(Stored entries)
•••
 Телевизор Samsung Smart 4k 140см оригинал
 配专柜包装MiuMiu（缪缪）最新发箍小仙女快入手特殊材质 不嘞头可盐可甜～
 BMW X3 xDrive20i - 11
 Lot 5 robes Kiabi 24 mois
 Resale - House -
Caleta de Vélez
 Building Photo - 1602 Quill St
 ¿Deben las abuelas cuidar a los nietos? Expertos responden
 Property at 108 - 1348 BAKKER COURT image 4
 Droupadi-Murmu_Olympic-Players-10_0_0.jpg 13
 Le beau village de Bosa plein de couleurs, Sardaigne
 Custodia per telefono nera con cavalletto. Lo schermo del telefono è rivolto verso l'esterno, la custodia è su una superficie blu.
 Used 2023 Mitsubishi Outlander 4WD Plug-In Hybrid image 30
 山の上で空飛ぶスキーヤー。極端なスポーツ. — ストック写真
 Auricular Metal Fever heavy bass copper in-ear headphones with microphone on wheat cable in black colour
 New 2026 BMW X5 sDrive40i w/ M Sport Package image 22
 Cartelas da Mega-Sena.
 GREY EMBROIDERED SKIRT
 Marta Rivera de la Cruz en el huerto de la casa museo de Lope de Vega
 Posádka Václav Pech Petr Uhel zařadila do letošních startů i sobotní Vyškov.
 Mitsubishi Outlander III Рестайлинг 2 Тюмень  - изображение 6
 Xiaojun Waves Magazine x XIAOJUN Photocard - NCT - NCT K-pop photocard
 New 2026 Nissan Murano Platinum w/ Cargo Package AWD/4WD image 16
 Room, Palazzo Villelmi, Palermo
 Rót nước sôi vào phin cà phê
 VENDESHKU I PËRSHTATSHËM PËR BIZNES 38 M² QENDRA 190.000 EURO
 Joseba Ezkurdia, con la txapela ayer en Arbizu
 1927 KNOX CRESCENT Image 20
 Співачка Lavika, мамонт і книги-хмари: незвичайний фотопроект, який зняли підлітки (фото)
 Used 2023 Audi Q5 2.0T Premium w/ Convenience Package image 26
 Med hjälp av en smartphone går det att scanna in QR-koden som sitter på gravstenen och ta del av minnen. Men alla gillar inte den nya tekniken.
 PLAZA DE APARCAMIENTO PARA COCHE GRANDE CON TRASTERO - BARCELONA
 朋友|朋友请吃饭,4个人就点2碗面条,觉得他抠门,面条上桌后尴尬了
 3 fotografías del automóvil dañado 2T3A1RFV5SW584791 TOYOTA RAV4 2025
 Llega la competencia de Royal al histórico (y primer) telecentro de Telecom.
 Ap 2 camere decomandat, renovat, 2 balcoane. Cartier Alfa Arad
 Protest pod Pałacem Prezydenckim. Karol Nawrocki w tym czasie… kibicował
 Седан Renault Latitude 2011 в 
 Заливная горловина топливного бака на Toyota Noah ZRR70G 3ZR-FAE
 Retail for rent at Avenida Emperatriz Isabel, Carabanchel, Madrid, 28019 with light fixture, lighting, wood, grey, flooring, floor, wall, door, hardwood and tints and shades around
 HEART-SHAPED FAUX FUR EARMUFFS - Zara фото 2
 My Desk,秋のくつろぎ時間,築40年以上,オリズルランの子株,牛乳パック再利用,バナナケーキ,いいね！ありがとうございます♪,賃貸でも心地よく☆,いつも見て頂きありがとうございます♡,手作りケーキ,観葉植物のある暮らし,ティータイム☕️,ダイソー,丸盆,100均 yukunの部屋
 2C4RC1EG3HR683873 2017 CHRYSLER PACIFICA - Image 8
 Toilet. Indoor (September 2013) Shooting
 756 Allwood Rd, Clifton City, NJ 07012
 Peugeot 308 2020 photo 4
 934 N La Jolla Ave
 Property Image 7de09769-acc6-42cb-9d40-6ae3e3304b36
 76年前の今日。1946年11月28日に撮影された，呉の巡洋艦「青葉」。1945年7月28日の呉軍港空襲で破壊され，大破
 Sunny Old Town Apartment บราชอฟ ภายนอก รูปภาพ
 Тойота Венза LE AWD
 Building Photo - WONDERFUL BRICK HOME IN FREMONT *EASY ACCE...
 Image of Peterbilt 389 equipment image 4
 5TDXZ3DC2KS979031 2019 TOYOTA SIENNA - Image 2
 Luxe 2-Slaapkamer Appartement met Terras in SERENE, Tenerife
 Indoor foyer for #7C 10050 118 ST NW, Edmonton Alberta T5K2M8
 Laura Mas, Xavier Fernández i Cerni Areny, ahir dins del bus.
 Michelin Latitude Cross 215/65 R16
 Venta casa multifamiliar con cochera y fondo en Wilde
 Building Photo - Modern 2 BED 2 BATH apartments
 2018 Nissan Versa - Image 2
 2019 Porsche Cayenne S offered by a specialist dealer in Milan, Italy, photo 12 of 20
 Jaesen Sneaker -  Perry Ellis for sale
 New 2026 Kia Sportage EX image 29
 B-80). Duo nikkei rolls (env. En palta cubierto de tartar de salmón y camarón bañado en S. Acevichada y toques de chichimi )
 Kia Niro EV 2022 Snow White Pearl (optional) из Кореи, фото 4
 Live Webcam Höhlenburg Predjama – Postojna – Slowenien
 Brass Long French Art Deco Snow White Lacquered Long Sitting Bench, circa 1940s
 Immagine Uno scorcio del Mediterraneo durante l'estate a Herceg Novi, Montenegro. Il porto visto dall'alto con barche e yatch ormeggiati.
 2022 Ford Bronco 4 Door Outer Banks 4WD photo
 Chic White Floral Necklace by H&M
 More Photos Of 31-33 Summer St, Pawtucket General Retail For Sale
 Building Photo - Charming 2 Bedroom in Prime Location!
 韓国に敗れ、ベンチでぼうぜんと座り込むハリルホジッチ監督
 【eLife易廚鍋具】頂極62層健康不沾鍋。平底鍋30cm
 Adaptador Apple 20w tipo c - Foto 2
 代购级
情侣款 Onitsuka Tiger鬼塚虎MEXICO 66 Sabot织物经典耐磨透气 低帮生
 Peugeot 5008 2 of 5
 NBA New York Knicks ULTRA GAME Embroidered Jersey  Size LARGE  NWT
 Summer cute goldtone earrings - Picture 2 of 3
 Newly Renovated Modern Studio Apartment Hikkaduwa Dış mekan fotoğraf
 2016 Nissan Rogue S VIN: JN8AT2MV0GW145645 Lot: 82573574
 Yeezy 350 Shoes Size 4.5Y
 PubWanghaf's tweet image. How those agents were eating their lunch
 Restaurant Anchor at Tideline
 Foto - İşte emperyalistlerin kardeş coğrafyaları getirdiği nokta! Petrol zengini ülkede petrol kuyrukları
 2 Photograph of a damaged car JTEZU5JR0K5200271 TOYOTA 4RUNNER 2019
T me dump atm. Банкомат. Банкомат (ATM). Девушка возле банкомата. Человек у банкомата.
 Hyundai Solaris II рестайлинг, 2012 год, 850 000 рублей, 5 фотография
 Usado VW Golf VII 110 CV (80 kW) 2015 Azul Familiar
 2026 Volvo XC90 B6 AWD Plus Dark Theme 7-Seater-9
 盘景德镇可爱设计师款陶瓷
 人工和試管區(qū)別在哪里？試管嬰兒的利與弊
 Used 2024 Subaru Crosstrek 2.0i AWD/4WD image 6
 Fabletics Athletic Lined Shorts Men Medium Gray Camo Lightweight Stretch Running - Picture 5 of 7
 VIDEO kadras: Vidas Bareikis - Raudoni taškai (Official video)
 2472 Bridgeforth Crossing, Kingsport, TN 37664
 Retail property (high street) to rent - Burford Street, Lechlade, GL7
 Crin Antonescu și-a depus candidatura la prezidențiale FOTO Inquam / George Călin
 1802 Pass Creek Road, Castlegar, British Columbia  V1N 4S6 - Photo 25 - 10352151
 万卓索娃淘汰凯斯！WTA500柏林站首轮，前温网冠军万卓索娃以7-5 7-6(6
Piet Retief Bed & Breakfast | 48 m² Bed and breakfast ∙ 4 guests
•••
• Exercise goal:
Your response must consist of the entries, reproduced exactly.

• Response:
 Телевизор Samsung Smart 4k 140см оригинал
 配专柜包装MiuMiu（缪缪）最新发箍小仙女快入手特殊材质 不嘞头可盐可甜～
 BMW X3 xDrive20i - 11
 Lot 5 robes Kiabi 24 mois
 Resale - House -
Caleta de Vélez
 Building Photo - 1602 Quill St
 ¿Deben las abuelas cuidar a los nietos? Expertos responden
 Property at 108 - 1348 BAKKER COURT image 4
 Droupadi-Murmu_Olympic-Players-10_0_0.jpg 13
 Le beau village de Bosa plein de couleurs, Sardaigne
 Custodia per telefono nera con cavalletto. Lo schermo del telefono è rivolto verso l'esterno, la custodia è su una superficie blu.
 Used 2023 Mitsubishi Outlander 4WD Plug-In Hybrid image 30
 山の上で空飛ぶスキーヤー。極端なスポーツ. — ストック写真
 Auricular Metal Fever heavy bass copper in-ear headphones with microphone on wheat cable in black colour
 New 2026 BMW X5 sDrive40i w/ M Sport Package image 22
 Cartelas da Mega-Sena.
 GREY EMBROIDERED SKIRT
 Marta Rivera de la Cruz en el huerto de la casa museo de Lope de Vega
 Posádka Václav Pech Petr Uhel zařadila do letošních startů i sobotní Vyškov.
 Mitsubishi Outlander III Рестайлинг 2 Тюмень  - изображение 6
 Xiaojun Waves Magazine x XIAOJUN Photocard - NCT - NCT K-pop photocard
 New 2026 Nissan Murano Platinum w/ Cargo Package AWD/4WD image 16
 Room, Palazzo Villelmi, Palermo
 Rót nước sôi vào phin cà phê
 VENDESHKU I PËRSHTATSHËM PËR BIZNES 38 M² QENDRA 190.000 EURO
 Joseba Ezkurdia, con la txapela ayer en Arbizu
 1927 KNOX CRESCENT Image 20
 Співачка Lavika, мамонт і книги-хмари: незвичайний фотопроект, який зняли підлітки (фото)
 Used 2023 Audi Q5 2.0T Premium w/ Convenience Package image 26
 Med hjälp av en smartphone går det att scanna in QR-koden som sitter på gravstenen och ta del av minnen. Men alla gillar inte den nya tekniken.
 PLAZA DE APARCAMIENTO PARA COCHE GRANDE CON TRASTERO - BARCELONA
 朋友|朋友请吃饭,4个人就点2碗面条,觉得他抠门,面条上桌后尴尬了
 3 fotografías del automóvil dañado 2T3A1RFV5SW584791 TOYOTA RAV4 2025
 Llega la competencia de Royal al histórico (y primer) telecentro de Telecom.
 Ap 2 camere decomandat, renovat, 2 balcoane. Cartier Alfa Arad
 Protest pod Pałacem Prezydenckim. Karol Nawrocki w tym czasie… kibicował
 Седан Renault Latitude 2011 в 
 Заливная горловина топливного бака на Toyota Noah ZRR70G 3ZR-FAE
 Retail for rent at Avenida Emperatriz Isabel, Carabanchel, Madrid, 28019 with light fixture, lighting, wood, grey, flooring, floor, wall, door, hardwood and tints and shades around
 HEART-SHAPED FAUX FUR EARMUFFS - Zara фото 2
 My Desk,秋のくつろぎ時間,築40年以上,オリズルランの子株,牛乳パック再利用,バナナケーキ,いいね！ありがとうございます♪,賃貸でも心地よく☆,いつも見て頂きありがとうございます♡,手作りケーキ,観葉植物のある暮らし,ティータイム☕️,ダイソー,丸盆,100均 yukunの部屋
 2C4RC1EG3HR683873 2017 CHRYSLER PACIFICA - Image 8
 Toilet. Indoor (September 2013) Shooting
 756 Allwood Rd, Clifton City, NJ 07012
 Peugeot 308 2020 photo 4
 934 N La Jolla Ave
 Property Image 7de09769-acc6-42cb-9d40-6ae3e3304b36
 76年前の今日。1946年11月28日に撮影された，呉の巡洋艦「青葉」。1945年7月28日の呉軍港空襲で破壊され，大破
 Sunny Old Town Apartment บราชอฟ ภายนอก รูปภาพ
 Тойота Венза LE AWD
 Building Photo - WONDERFUL BRICK HOME IN FREMONT *EASY ACCE...
 Image of Peterbilt 389 equipment image 4
 5TDXZ3DC2KS979031 2019 TOYOTA SIENNA - Image 2
 Luxe 2-Slaapkamer Appartement met Terras in SERENE, Tenerife
 Indoor foyer for #7C 10050 118 ST NW, Edmonton Alberta T5K2M8
 Laura Mas, Xavier Fernández i Cerni Areny, ahir dins del bus.
 Michelin Latitude Cross 215/65 R16
 Venta casa multifamiliar con cochera y fondo en Wilde
 Building Photo - Modern 2 BED 2 BATH apartments
 2018 Nissan Versa - Image 2
 2019 Porsche Cayenne S offered by a specialist dealer in Milan, Italy, photo 12 of 20
 Jaesen Sneaker -  Perry Ellis for sale
 New 2026 Kia Sportage EX image 29
 B-80). Duo nikkei rolls (env. En palta cubierto de tartar de salmón y camarón bañado en S. Acevichada y toques de chichimi )
 Kia Niro EV 2022 Snow White Pearl (optional) из Кореи, фото 4
 Live Webcam Höhlenburg Predjama – Postojna – Slowenien
 Brass Long French Art Deco Snow White Lacquered Long Sitting Bench, circa 1940s
 Immagine Uno scorcio del Mediterraneo durante l'estate a Herceg Novi, Montenegro. Il porto visto dall'alto con barche e yatch ormeggiati.
 2022 Ford Bronco 4 Door Outer Banks 4WD photo
 Chic White Floral Necklace by H&M
 More Photos Of 31-33 Summer St, Pawtucket General Retail For Sale
 Building Photo - Charming 2 Bedroom in Prime Location!
 韓国に敗れ、ベンチでぼうぜんと座り込むハリルホジッチ監督
 【eLife易廚鍋具】頂極62層健康不沾鍋。平底鍋30cm
 Adaptador Apple 20w tipo c - Foto 2
 代购级
情侣款 Onitsuka Tiger鬼塚虎MEXICO 66 Sabot织物经典耐磨透气 低帮生
 Peugeot 5008 2 of 5
 NBA New York Knicks ULTRA GAME Embroidered Jersey  Size LARGE  NWT
 Summer cute goldtone earrings - Picture 2 of 3
 Newly Renovated Modern Studio Apartment Hikkaduwa Dış mekan fotoğraf
 2016 Nissan Rogue S VIN: JN8AT2MV0GW145645 Lot: 82573574
 Yeezy 350 Shoes Size 4.5Y
 PubWanghaf's tweet image. How those agents were eating their lunch
 Restaurant Anchor at Tideline
 Foto - İşte emperyalistlerin kardeş coğrafyaları getirdiği nokta! Petrol zengini ülkede petrol kuyrukları
 2 Photograph of a damaged car JTEZU5JR0K5200271 TOYOTA 4RUNNER 2019
T me dump atm. Банкомат. Банкомат (ATM). Девушка возле банкомата. Человек у банкомата.
 Hyundai Solaris II рестайлинг, 2012 год, 850 000 рублей, 5 фотография
 Usado VW Golf VII 110 CV (80 kW) 2015 Azul Familiar
 2026 Volvo XC90 B6 AWD Plus Dark Theme 7-Seater-9
 盘景德镇可爱设计师款陶瓷
 人工和試管區(qū)別在哪里？試管嬰兒的利與弊
 Used 2024 Subaru Crosstrek 2.0i AWD/4WD image 6
 Fabletics Athletic Lined Shorts Men Medium Gray Camo Lightweight Stretch Running - Picture 5 of 7
 VIDEO kadras: Vidas Bareikis - Raudoni taškai (Official video)
 2472 Bridgeforth Crossing, Kingsport, TN 37664
 Retail property (high street) to rent - Burford Street, Lechlade, GL7
 Crin Antonescu și-a depus candidatura la prezidențiale FOTO Inquam / George Călin
 1802 Pass Creek Road, Castlegar, British Columbia  V1N 4S6 - Photo 25 - 10352151
 万卓索娃淘汰凯斯！WTA500柏林站首轮，前温网冠军万卓索娃以7-5 7-6(6
Piet Retief Bed & Breakfast | 48 m² Bed and breakfast ∙ 4 guests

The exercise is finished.